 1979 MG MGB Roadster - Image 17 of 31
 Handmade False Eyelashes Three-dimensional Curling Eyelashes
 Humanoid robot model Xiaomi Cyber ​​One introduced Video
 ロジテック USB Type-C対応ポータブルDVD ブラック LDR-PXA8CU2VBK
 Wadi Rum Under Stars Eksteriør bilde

********

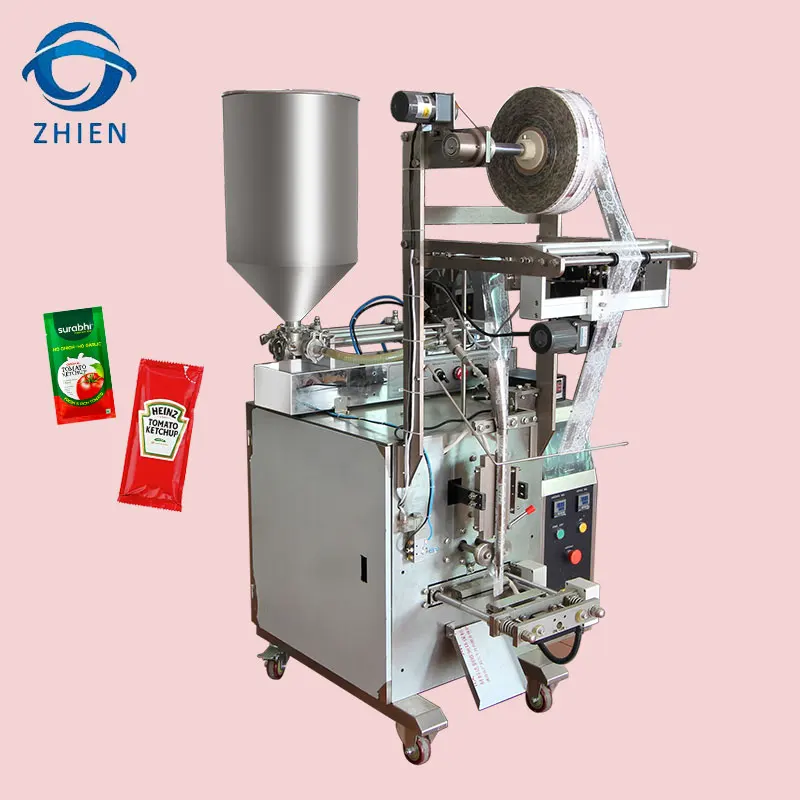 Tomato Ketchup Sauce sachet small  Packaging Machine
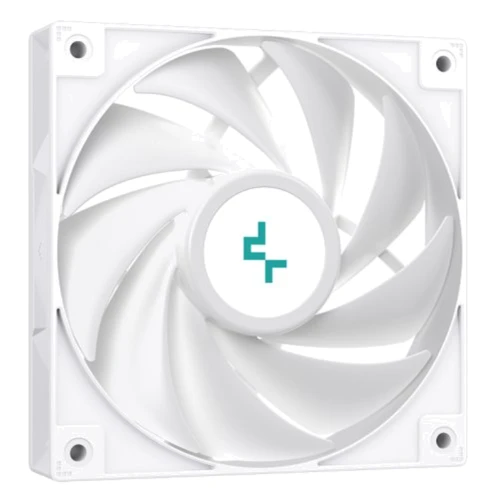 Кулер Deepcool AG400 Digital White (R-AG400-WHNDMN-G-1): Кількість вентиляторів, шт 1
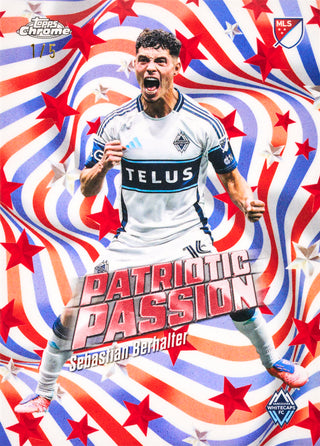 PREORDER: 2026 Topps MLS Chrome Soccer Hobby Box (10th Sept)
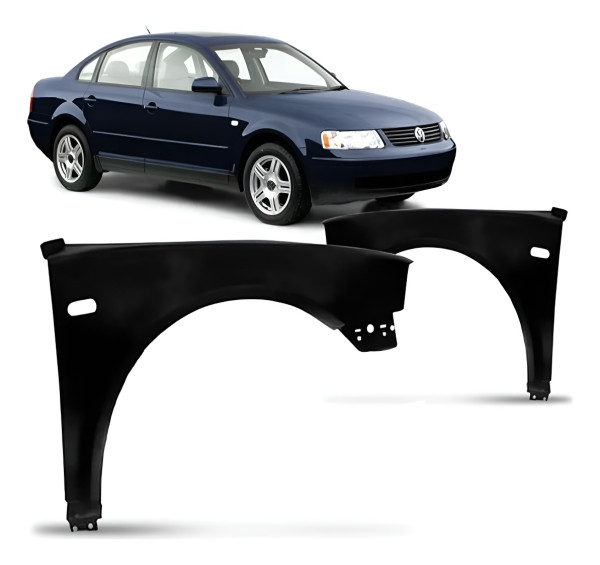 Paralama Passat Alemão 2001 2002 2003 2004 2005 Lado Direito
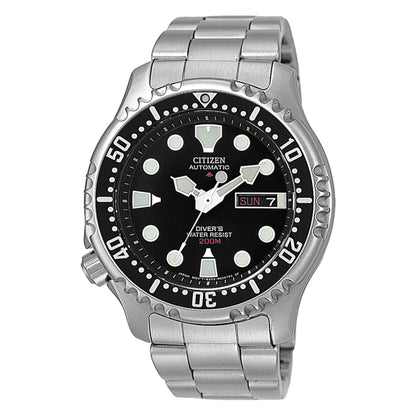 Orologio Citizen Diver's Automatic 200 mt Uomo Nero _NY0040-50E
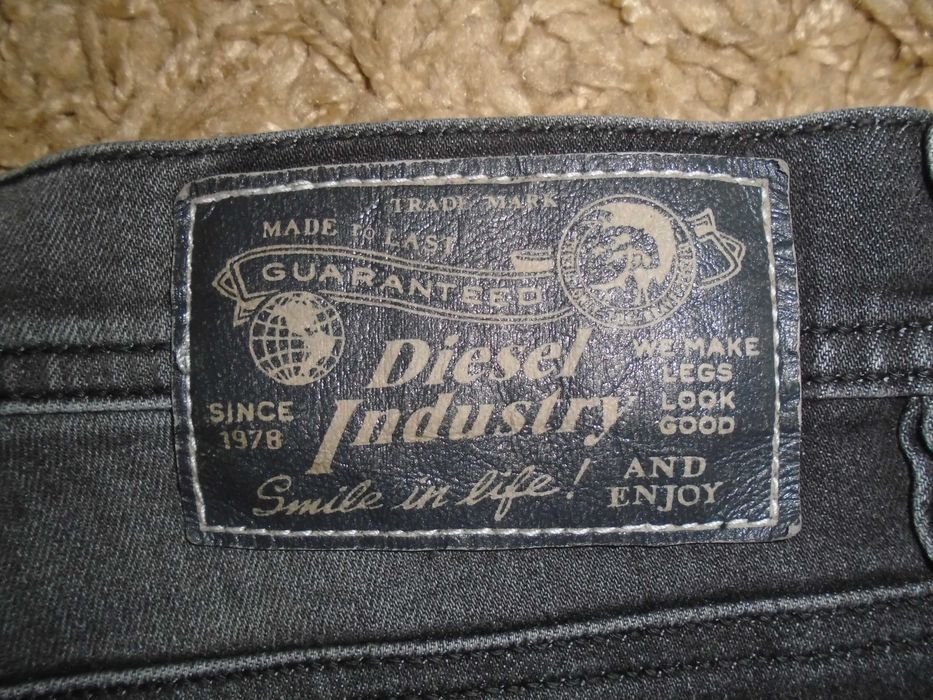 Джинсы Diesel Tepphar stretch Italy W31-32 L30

********

## Work task
Both the line above containing "Tomato Ketchup Sauce" and the line containing "Orologio Citizen Diver's" belong in the copy, along with every line between them; print these exactly and omit the pictures.

## Answer below
 Tomato Ketchup Sauce sachet small  Packaging Machine
 Кулер Deepcool AG400 Digital White (R-AG400-WHNDMN-G-1): Кількість вентиляторів, шт 1
 PREORDER: 2026 Topps MLS Chrome Soccer Hobby Box (10th Sept)
 Paralama Passat Alemão 2001 2002 2003 2004 2005 Lado Direito
 Orologio Citizen Diver's Automatic 200 mt Uomo Nero _NY0040-50E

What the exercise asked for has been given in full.